Based on the first year results from the analysis of the internal heat recovery concepts and the developments on the multifunctional catalyst synthesis and application, a full-scale MFR prototype was built. During the first six months of the second year this prototype was evaluated against the project emission targets. The MFR internal heat recovery capability was verified via tests on a flow test bench and on the real engine exhaust under fast regeneration conditions.

During the second semester of the second year two MFR prototypes were manufactured. The prototypes were equipped with pressure and temperatures sensors for monitoring the filter operation during the testing on the real engine exhaust. A dedicated system was built for the data acquisition and storage during the MFR operation. The prototypes have been tested in the conventional diesel exhaust of the APTL and their performance has been evaluated.

In the third period the MFR was tested in both, conventional as well as HCCI operation. The filter was aged at CIDAUT and the performance was measured on a conventional engine prior and after the aging. In parallel the performance in HCCI operation was tested at IFP.

The filtration efficiency of the filter was excellent and was retained after aging. The catalytic activity of the filter was significantly higher than the SA filters and was also retained after aging. The filter backpressure was comparable (or even better) than the SA filters. The effect of aging on the filter backpressure is either insignificant (UPVLC) or it causes a slight increase (APTL) mainly due to the accumulated ash particles originating from the engine oil consumption.

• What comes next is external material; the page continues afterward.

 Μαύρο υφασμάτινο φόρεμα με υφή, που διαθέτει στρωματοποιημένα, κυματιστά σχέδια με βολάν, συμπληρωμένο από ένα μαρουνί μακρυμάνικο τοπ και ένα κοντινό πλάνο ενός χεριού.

The IPSY MFR showed huge potential to reduce the fuel penalty of today's DPF regeneration operation. Cycle simulations have shown the possibility of fuel penalty reduction by approximately 25 % under real driving conditions. During the NEDC with a standard regeneration strategy over 45 % of the fuel penalty could be saved. The IPSY coated filter is also able to regenerate during low load phases without HC conversion in the DOC. This is a big advantage in terms of avoiding oil dilution, as late post injection is not longer needed in many engine operating points. The new IPSY filter combined with an optimized operation strategy that are realised by adequate ECU functions form a complete and new diesel particulate filter concept. This will contribute to the future compliance with the particulate matter and number emission legislation and at the same time address today's open development challenges.